Piotr Szenk, dyrektor szpitala powiatowego w Sochaczewie twierdzi, że opisywana przez kobiety sytuacja nie mogła mieć miejsca.

- To nie jest wielka klinika, gdzie są liczne sale i jednocześnie ileś tam porodów. To jest mały oddział, zapewniamy standardy pod względem ilości położnych i pielęgniarek noworodkowych. Wydaje mi się, że to dość mało prawdopodobne, żeby ta pacjentka urodziła w samotności, żeby zawołała kogoś i ten do niej nie przyszedł – mówi dyrektor Szenk.

- Leżałam w tej krwi, gdy przyszła doktor i z wielkim „halo”, że w majtkach rodzę. Kazała mnie jak najszybciej przewieźć na salę zabiegową. Robiła mi łyżeczkowanie na żywca, żeby było jak najszybciej. Wszystko czułam – opowiada pani Weronika.

Lekarz poinformował państwa Łętowskich, że urodził się chłopiec. Rodzice nadali mu imię Piotr i pochowali na cmentarzu w Sochaczewie.

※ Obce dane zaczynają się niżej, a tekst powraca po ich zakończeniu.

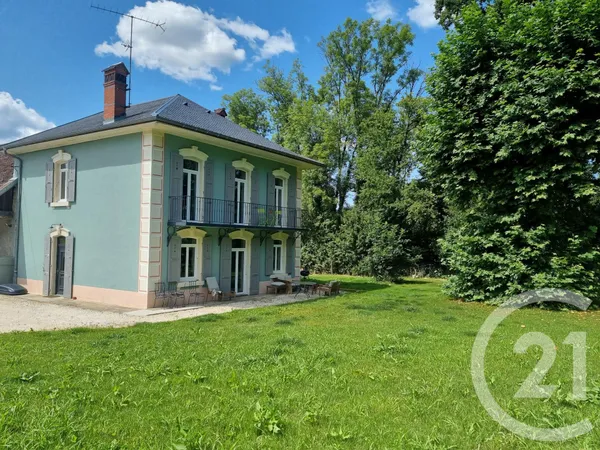Maison 7 pièces 144 m²
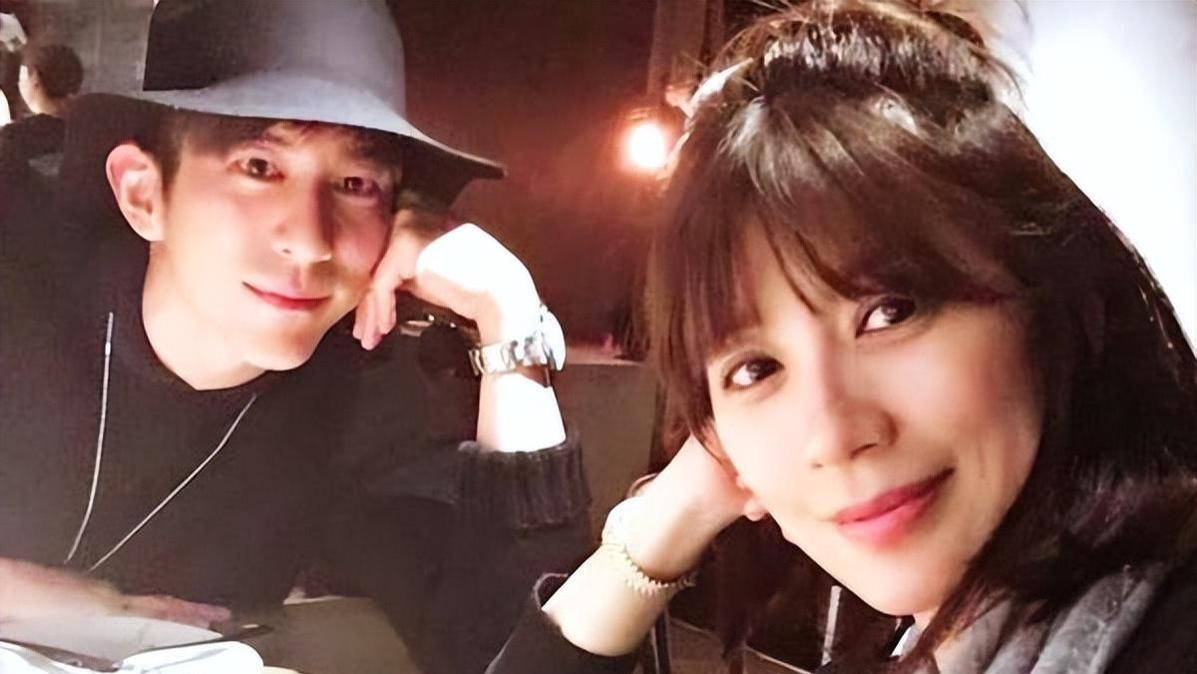 从宠妻模范到生育争议：贾静雯修杰楷婚姻真相探秘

Jednocześnie złożyli do prokuratury zawiadomienie o nieudzieleniu pomocy pani Weronice przez personel szpitala w Sochaczewie.

- Zrobili sekcję zwłok i dostaliśmy wiadomość, że to była jednak dziewczynka. Po prostu w szpitalu zrobili sobie z naszego dziecka ankietę: a zaznaczymy, że chłopiec – mówi Jacek Łetowski.

- Określenie płci u nowonarodzonego dziecka, zwłaszcza jeśli jest to wcześniak urodzony w 20. tygodniu, może być określone z 95-procentowym prawdopodobieństwem – informuje prof. Paweł Januszewicz, konsultant medyczny Fundacji Polsat.

- To jest bardzo mały płód. Nie wiem, jak były wykształcone te narządy. Nie zawsze w 19. tygodniu muszą one być wykształcone w sposób oczywisty – twierdzi Piotr Szenk, dyrektor szpitala.
Prokuratura poinformowała nas, że przeprowadzający sekcję zwłok lekarze nie mieli problemów z określeniem płci, więc zewnętrzne cechy płciowe były na tyle dobrze widocznie, że nie wykonywano dodatkowych badań.

Prokuratura umorzyła postępowanie w sprawie narażenia pani Weroniki na niebezpieczeństwo utraty życia lub zdrowia. Ale państwo Łętowscy nie poddają się. Mimo że mają troje dzieci, brakuje im Amelki.

- Nie odpuszczamy, bo stwierdziłem, że nie mogą się tak lekarze, pielęgniarki zachowywać. Jak się idzie do szpitala, to powinniśmy się czuć bezpiecznie – mówi Jacek Łetowski.

- Zgłosiliśmy sprawę do wojewódzkiej komisji do spraw orzekania o zdarzeniach medycznych. Pierwszy termin został wyznaczony na wrzesień – informuje Michał Miller, pełnomocnik pani Weroniki.
- Gdyby była lepsza opieka, lekarze, to na pewno byłaby z nami. Zostały codzienne wizyty na cmentarzu i pytania rodzeństwa, czy leży tam ich siostrzyczka – rozpacza pani Weronika.